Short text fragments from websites
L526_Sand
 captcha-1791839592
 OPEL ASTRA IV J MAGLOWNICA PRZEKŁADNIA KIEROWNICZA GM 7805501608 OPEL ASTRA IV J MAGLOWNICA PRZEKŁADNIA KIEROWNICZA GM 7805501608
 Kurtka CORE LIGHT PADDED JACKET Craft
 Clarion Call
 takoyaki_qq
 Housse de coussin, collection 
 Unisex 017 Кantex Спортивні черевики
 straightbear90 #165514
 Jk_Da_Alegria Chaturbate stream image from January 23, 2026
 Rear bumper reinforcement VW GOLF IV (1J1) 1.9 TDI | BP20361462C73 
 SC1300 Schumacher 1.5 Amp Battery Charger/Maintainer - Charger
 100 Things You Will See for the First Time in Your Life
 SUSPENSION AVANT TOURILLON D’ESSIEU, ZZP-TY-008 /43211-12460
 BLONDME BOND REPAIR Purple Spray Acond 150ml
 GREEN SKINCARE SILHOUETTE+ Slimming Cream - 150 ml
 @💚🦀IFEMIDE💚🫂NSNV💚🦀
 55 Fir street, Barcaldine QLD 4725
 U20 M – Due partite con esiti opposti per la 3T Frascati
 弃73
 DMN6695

▸ **PROBLEM TO SOLVE**
Send back, unchanged, every line of the records from the one with "SC1300 Schumacher 1.5" through the last.

▸ **OUTPUT BELOW**
 SC1300 Schumacher 1.5 Amp Battery Charger/Maintainer - Charger
 100 Things You Will See for the First Time in Your Life
 SUSPENSION AVANT TOURILLON D’ESSIEU, ZZP-TY-008 /43211-12460
 BLONDME BOND REPAIR Purple Spray Acond 150ml
 GREEN SKINCARE SILHOUETTE+ Slimming Cream - 150 ml
 @💚🦀IFEMIDE💚🫂NSNV💚🦀
 55 Fir street, Barcaldine QLD 4725
 U20 M – Due partite con esiti opposti per la 3T Frascati
 弃73
 DMN6695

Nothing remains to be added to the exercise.